The Rev. Norvell Knight’s ministry took him from a tiny mission church in Cobb County to battle zones in Vietnam, an administrator’s job in the Pentagon, and to the pulpit of the Washington National Cathedral.

Norvell Ernest Knight, 81, of Acworth, a retired captain in the U.S. Navy, died Tuesday at Wellstar Kennestone Hospital of complications from pneumonia. His funeral will be at 10 a.m. Monday at Wildwood Baptist Church in Acworth. Entombment with full military honors will follow at Kennesaw Memorial Park. Collins Funeral Home is in charge of arrangements.

Knight first felt a calling to the ministry as a teenage member of Kennesaw’s First Baptist Church, where he was ordained at age 18. A year later, he was drafted and served two years in Korea as a U.S. Army medical corpsman and several years in the Army reserves before resuming his schooling — first at Mercer University, then at the New Orleans Baptist Theological Seminary.

In 1957 he became the first pastor of a fledgling Baptist mission in Acworth called Wildwood. His wife of 59 years, Betty Knight, said he spent three years building a congregation of 55 members before Wildwood was accorded status as a church by the Southern Baptist Convention. He later was pastor at Sardis Baptist Church in Canton and Mount Zion Baptist Church in Jonesboro before returning to military service, accepting an officer’s commission as a Navy chaplain.

He served 13 eventful months in Vietnam.
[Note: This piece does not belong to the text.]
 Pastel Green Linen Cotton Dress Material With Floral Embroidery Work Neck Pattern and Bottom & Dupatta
Once, he escaped injury when a light plane in which he was riding had to make an emergency landing in a rice paddy. Later, he was injured while riding in a helicopter that was downed by enemy fire. He was treated for a broken arm at Yokusuka Naval Hospital in Japan.
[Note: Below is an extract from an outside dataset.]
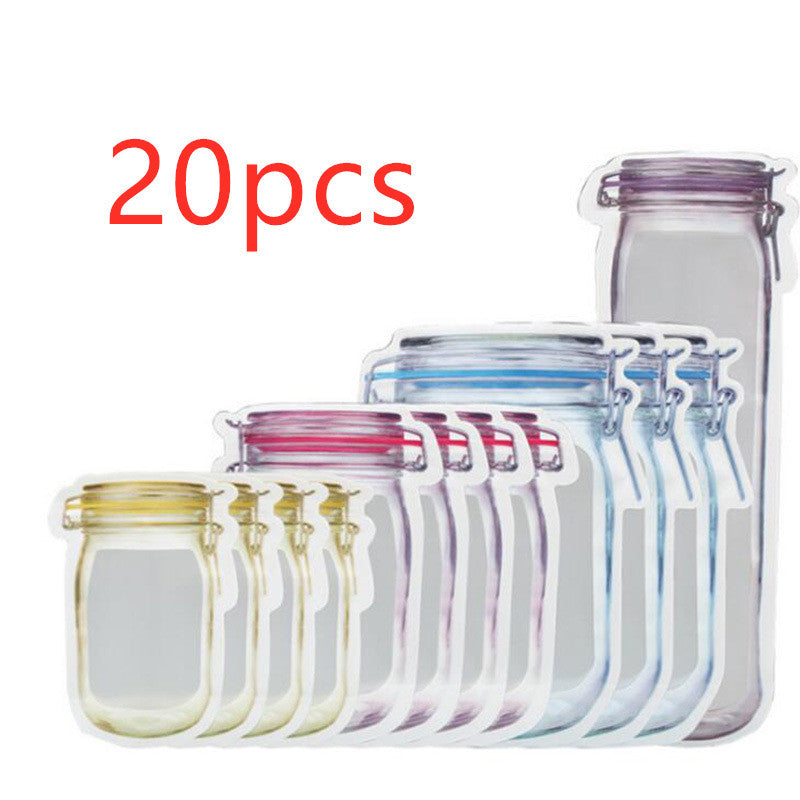 Mason Bottle Ziplock Bag Snacks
Even noncombat assignments could be harrowing. While on duty at a European port city, he had to be transported by towline from one ship to another, five in all, to conduct five consecutive religious services. According to his brother, Charles Knight of Acworth, “The sailors told each other to pull like hell so their chaplain wouldn’t get wet.”
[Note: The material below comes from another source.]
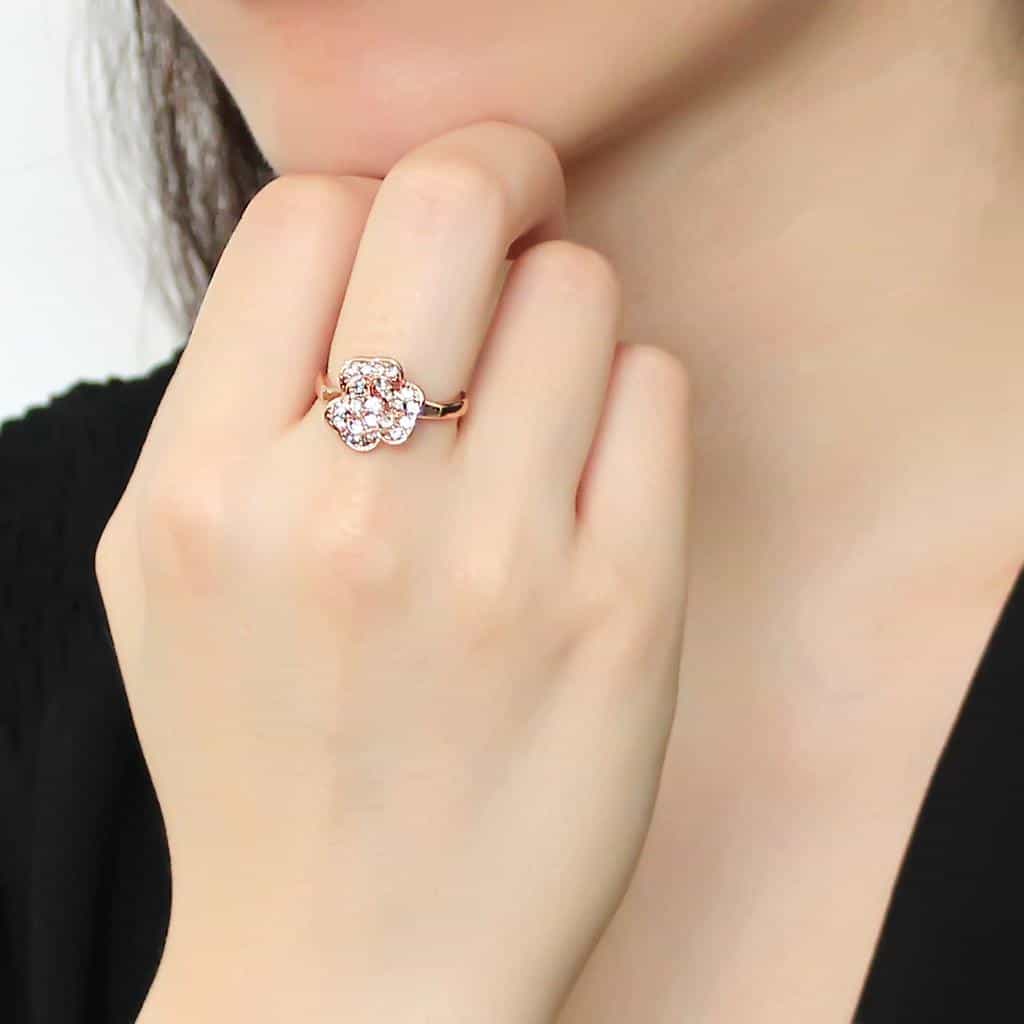 Brass Rose Gold CZ Camellia Flower Ring | The Stainless Jewelry view 5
In the 1970s, Knight was chaplain on the USS Mount Whitney, a command-and-control vessel, and traversed the globe aboard it.

While assigned to the Pentagon in the late 1980s, directly under Gen. Alfred M. Gray Jr., the Marine Corps commandant, Knight earned a master’s degree in ethical studies at Georgetown University. He also conducted periodic services, including funerals, at the Washington National Cathedral.

During the Desert Storm campaign in 1991 he was in charge of chaplains in the combat zone while serving as chaplain aboard the USS Theodore Roosevelt supercarrier.

Later that year, he retired, but he still kept up a busy pastoral schedule.

“Norvell never turned down an opportunity to help someone or to preach the Gospel,” said the Rev. Tom Cocklereece of Marietta, former minister at Shady Grove Baptist Church. “As a pastor, Norvell was a perfect gentleman — a conservative evangelical with convictions who loved to laugh and never excluded anyone.”

The two of them presided together at a number of services, Cocklereece said, adding, “Norvell was a joy to work with.”

Survivors also include a daughter, Geneva Knight of Marietta; and three other brothers, Dewey Knight Jr. of Canton, James Knight of Acworth and Hugh Lee Knight of Kennesaw.